Provided data:
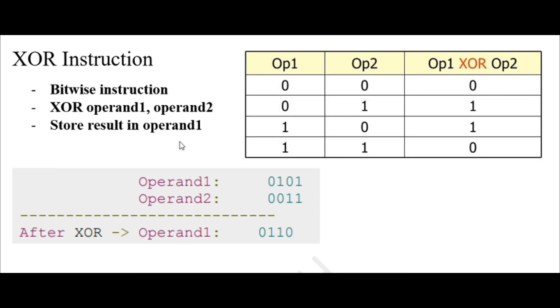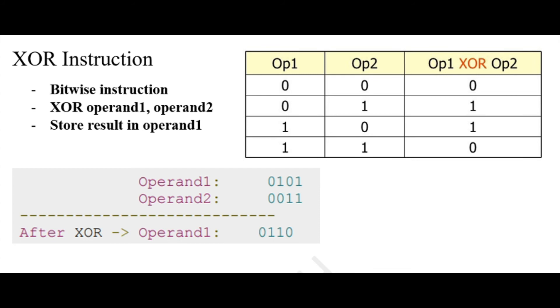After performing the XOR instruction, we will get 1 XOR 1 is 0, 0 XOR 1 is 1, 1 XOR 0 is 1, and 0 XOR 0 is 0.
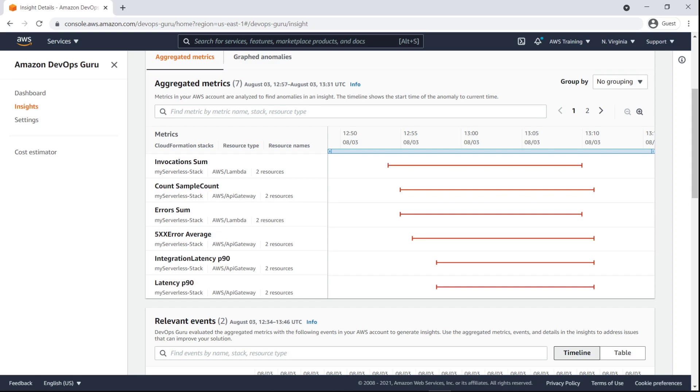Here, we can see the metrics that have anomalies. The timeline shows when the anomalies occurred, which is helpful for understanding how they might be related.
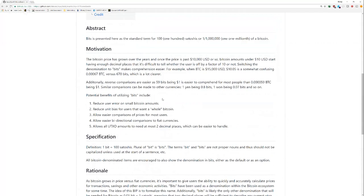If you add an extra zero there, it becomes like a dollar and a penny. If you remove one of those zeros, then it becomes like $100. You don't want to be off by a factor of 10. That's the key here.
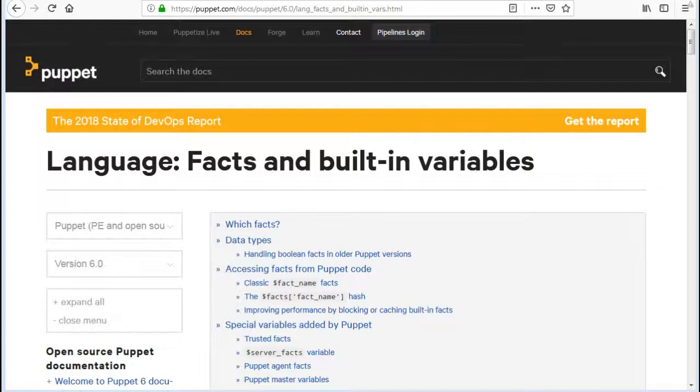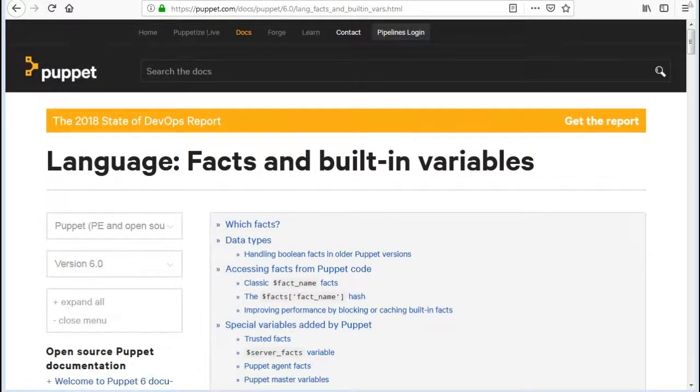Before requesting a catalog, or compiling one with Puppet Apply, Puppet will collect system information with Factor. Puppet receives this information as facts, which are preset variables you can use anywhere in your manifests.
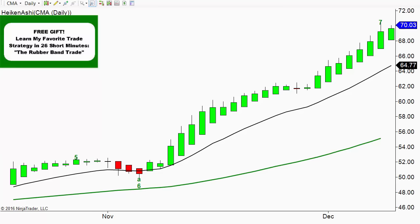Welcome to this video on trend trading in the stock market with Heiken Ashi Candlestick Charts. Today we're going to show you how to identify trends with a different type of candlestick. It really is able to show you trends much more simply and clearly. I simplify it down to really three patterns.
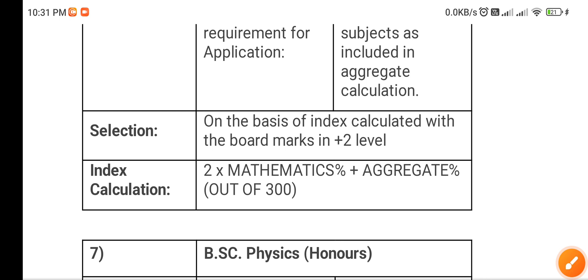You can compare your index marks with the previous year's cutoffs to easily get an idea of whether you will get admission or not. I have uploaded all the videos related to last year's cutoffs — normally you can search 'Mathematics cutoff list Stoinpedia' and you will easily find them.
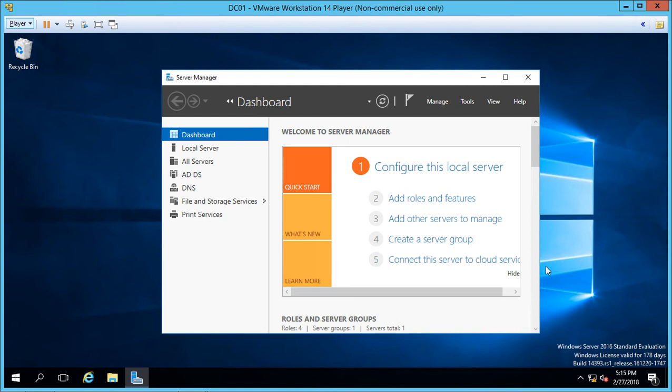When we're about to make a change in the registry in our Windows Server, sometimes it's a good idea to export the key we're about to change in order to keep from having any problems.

Work request: Quote, please, every line of the material above from its start through the line that has "Here, we can", reproducing the words exactly and dropping any images.

The answer:
After performing the XOR instruction, we will get 1 XOR 1 is 0, 0 XOR 1 is 1, 1 XOR 0 is 1, and 0 XOR 0 is 0.
Here, we can see the metrics that have anomalies. The timeline shows when the anomalies occurred, which is helpful for understanding how they might be related.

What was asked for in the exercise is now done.